Simply as an acronym, STEM doesn’t move my soul, but it doesn’t give me any ulcers, either. It’s the equivalent of folks in the South referring to a group as “y’all” in order to address them all at once, and with commonalities presumed. It’s efficient, bordering on charming.
It’s the “pipeline” piece that creases my brow. If we are to have STEM professionals in the adult world, then there needs to be some kind of preparation for them. Insert, somewhere in here, a literature review for a doctoral dissertation in science education to describe this process, its shortcomings, and what we might propose to do about it. Somewhere there is the output of these science professionals, and somewhere back in time there are those same individuals as children. The question of “How do we get more qualified STEM professionals” is echoed as “How do we get more kids to fit into the other side of the tube?” And, “How do we get them to stay in there until they get to the other side?” The vision of the pipeline is one in which we make that proverbial tube both wide and long enough, create the right amount of pressure, and assure ourselves that there is as little possibility of leaking as possible. This is where I have my problem.
I have a really clear image of pipes. My dad, himself an engineer, always admired culverts as we drove on logging roads when I was a kid. A good culvert preserves a dirt road by maintaining a flow of water from one side to the other. It keeps things clean and orderly, prevents erosion and keeps the status quo of the road in tact. Other pipes twist and turn under the ground and by the miracle of fluid dynamics displaces water from one place to another. We make sure that the pipe is clear of debris and the joints are sealed, and everything works out. We don’t even have to see what’s happening inside those pipes.
Pipes are what we use to drain wastewater or to transport petroleum. Pipes are the rudimentary and passive pathways that get fluids from point A to point B. With the right engineering and cross sectional area, pipes move seawater, sludge, or sewage. The thing is, the pipe and the fluid don’t really do anything. Water, or whatever else you put in a properly designed pipe, is practically predetermined to come out on the other end. Pipes are wonderful at getting out what you put in.

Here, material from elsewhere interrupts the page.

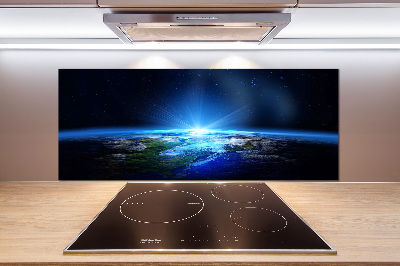 Spatscherm keuken Planeet Aarde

That’s exactly the problem with the pipeline metaphor. On the reality side of the analogy, we’re dealing with people, my children included. True, I could lighten up; it’s a metaphor. Nothing really is “just like riding a bicycle” or “like falling off a log.” We still know what we mean by these phrases in the common vernacular. But I don’t think we really know what we’re talking about with our “pipeline” metaphor, and we may even be deluding ourselves. The problem with our plumbing is not that it has leaks, but because it may be just too passive. On one end of the pipeline there are children, and on the other end we’re imagining scientists. This is no simple work of fluid dynamics. Instead of putting pressure on one side and looking for the drips that come out on the other, we should take out the pipe entirely. We should think of something in which we’re not simply thinking about what the static transport system looks like in its completed form. Instead, we should think not just about the ends of this transport, but about the in-betweens. Moreover, we need to imagine that 13-year-old outside of our constrained pipe. We all know they’re looking around and roaming about. They are living and breathing, and even more important, they are changing right before our eyes.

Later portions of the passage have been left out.